━━━ Given data ━━━

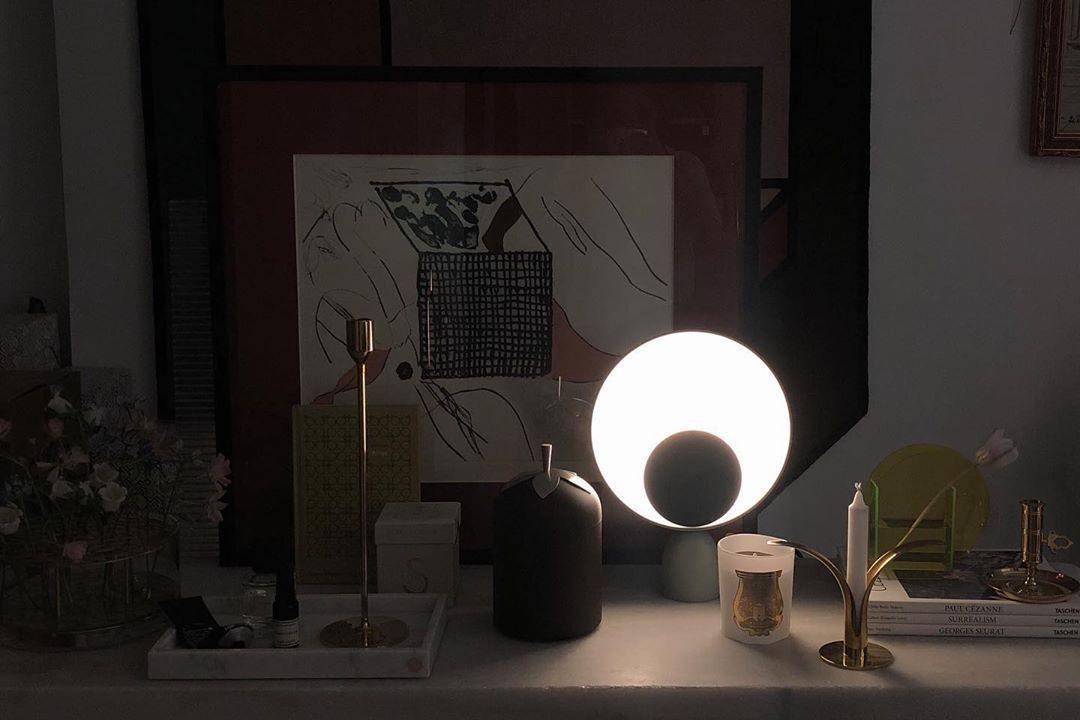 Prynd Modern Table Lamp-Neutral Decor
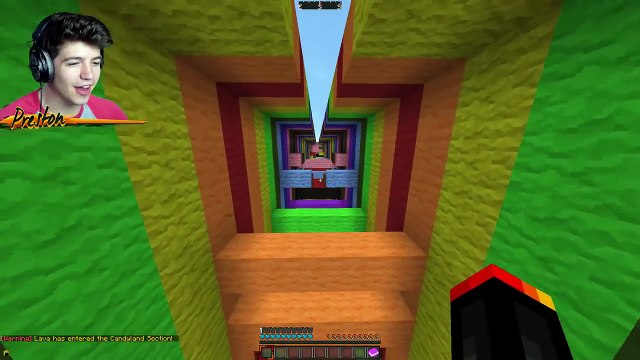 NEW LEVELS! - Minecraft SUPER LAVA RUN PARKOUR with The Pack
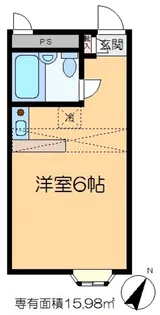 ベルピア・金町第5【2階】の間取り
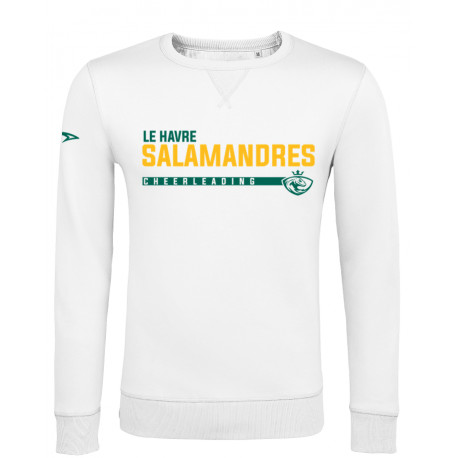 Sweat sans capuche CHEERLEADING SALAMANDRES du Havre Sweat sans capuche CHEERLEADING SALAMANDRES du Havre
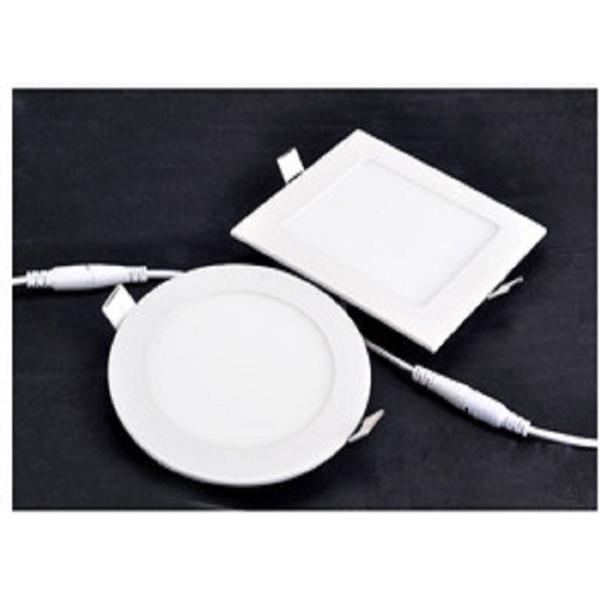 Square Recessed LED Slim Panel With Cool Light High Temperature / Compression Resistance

━━━

> _Your goal_: Repeat, word for word and with no pictures, only the lines running from the beginning of the data to the line that contains "Sweat sans capuche CHEERLEADING SALAMANDRES du Havre Sweat".

> _Result_:
 Prynd Modern Table Lamp-Neutral Decor
 NEW LEVELS! - Minecraft SUPER LAVA RUN PARKOUR with The Pack
 ベルピア・金町第5【2階】の間取り
 Sweat sans capuche CHEERLEADING SALAMANDRES du Havre Sweat sans capuche CHEERLEADING SALAMANDRES du Havre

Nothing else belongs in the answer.